### Aim of the exercise
Of the lines listed below, return exactly those that run from the line containing "Hey guys, Drew" through the line containing "You see, the", both included.
BEGIN Data records
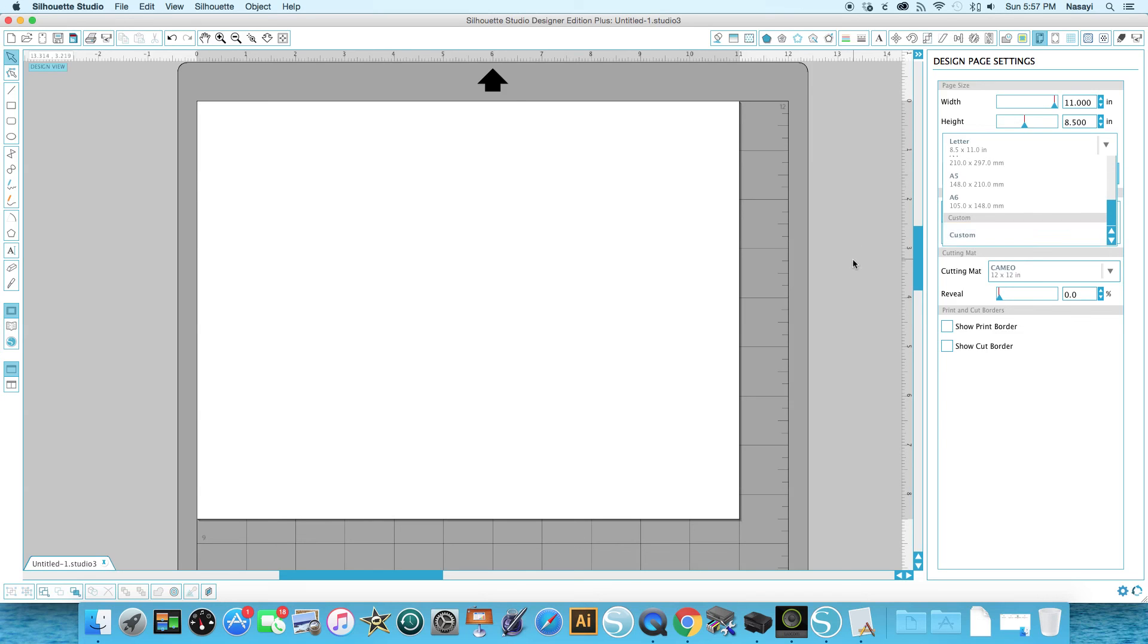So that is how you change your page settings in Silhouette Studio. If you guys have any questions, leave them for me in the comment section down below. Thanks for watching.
END Data records
BEGIN Data records
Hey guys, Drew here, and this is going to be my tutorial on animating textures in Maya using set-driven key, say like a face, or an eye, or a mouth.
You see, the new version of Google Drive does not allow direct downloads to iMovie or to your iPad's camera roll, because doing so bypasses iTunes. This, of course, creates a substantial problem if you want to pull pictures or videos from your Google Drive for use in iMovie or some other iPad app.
END Data records
### Result of this task
Hey guys, Drew here, and this is going to be my tutorial on animating textures in Maya using set-driven key, say like a face, or an eye, or a mouth.
You see, the new version of Google Drive does not allow direct downloads to iMovie or to your iPad's camera roll, because doing so bypasses iTunes. This, of course, creates a substantial problem if you want to pull pictures or videos from your Google Drive for use in iMovie or some other iPad app.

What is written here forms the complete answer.